1. Have an epic dance party to all of those pop songs that you usually hate. Channel your inner Beyonce and convince yourself that you look just like the backup dancers in the “Single Ladies” video.
2. Flirt with that guy at the bar who you think looks just like Ryan Gosling, but is really more of a Chad Kroeger. Beer goggles are real, people!
3. Make up with your best frenemy – promptly go back to hating her the next day.
4. Spill red wine all over your new boots that you paid $300.00 for, think nothing of it.
5. Buy useless things online like THIS.
6. Cry over the wine that you spilt on your $300.00 boots.
7. Book a flight to NYC so that you are locked in before your sober voice of reason can stop you.
8. Shots, shots, and more shots.
9. Instagram photos that you will ultimately delete when you wake up the next morning. Social media does not need to know how drunk and disorderly you were again. That’s between you, the universe, and Chad Kroeger.
10. Take another $100.00 out at the ATM to buy rounds for your friends.
11. Start fighting with an equally intoxicated person who bumped into you on the dance floor.
12. Later become best friends with the drunk person who bumped into you on the dance floor. The universe wanted you to meet! It was fate.

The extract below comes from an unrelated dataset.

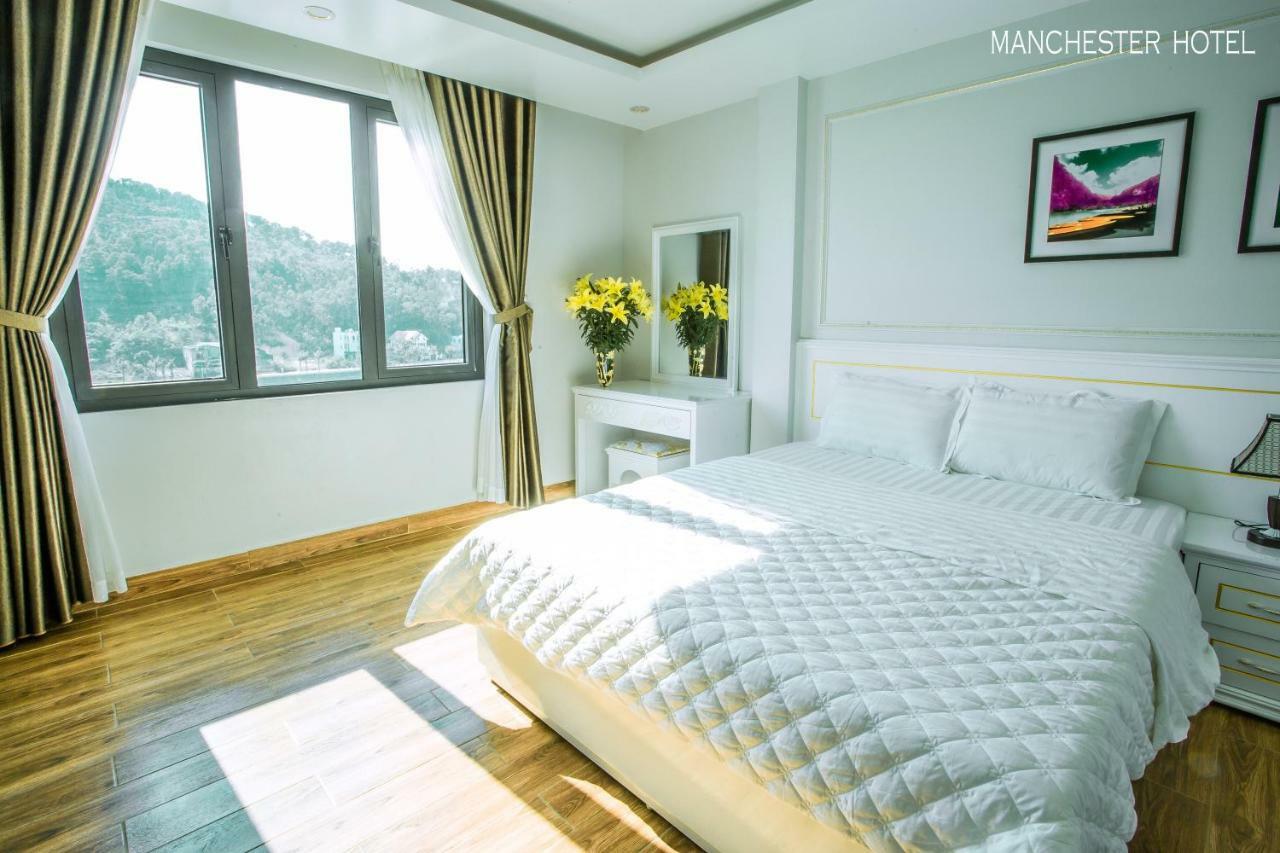 Manchester Hotel Ha Long Bagian luar foto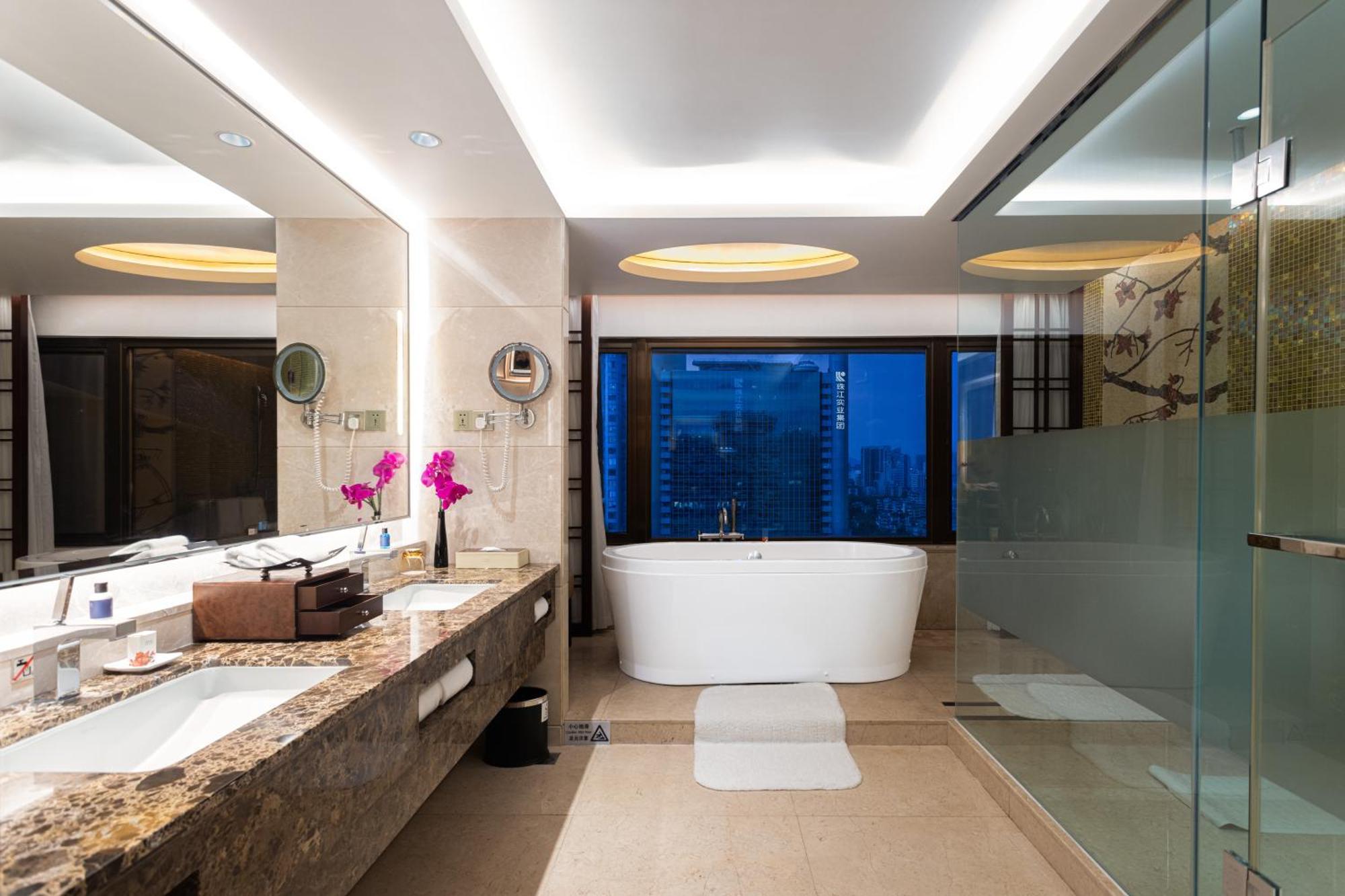 Garden Executive Suite with King Bed,1628656667:JPEG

13. Pee in an alleyway because You “JUST CAN’T HOLD IT!!!” (Note – pee on the $300.00 boots.)
14. Invite all of your friends over for a boozy brunch the following morning. Wake up horribly hungover and pray that nobody shows up.
15. Get into a massive fight with your partner because you are suddenly convinced that they are still in love with their ex from 10 years ago.
16. Devour some late night poutine, and then pick up a pizza before heading home. Eat the entire pizza in bed. Wake up with sauce all over your face and in your hair.
17. Drunk text your ex, the person you just started dating, and everyone in between.
18. Yell at the cab driver for taking the wrong route home only to realize that he was actually going the right way. Fall asleep in the cab. Wake up with a hefty bill to pay.
19. Peruse Facebook, leave ridiculous comments on random people’s statuses.
20. Fall asleep with your clothes, shoes, and makeup on with the front door open. Where’s the cat? Where’s Chad Kroeger?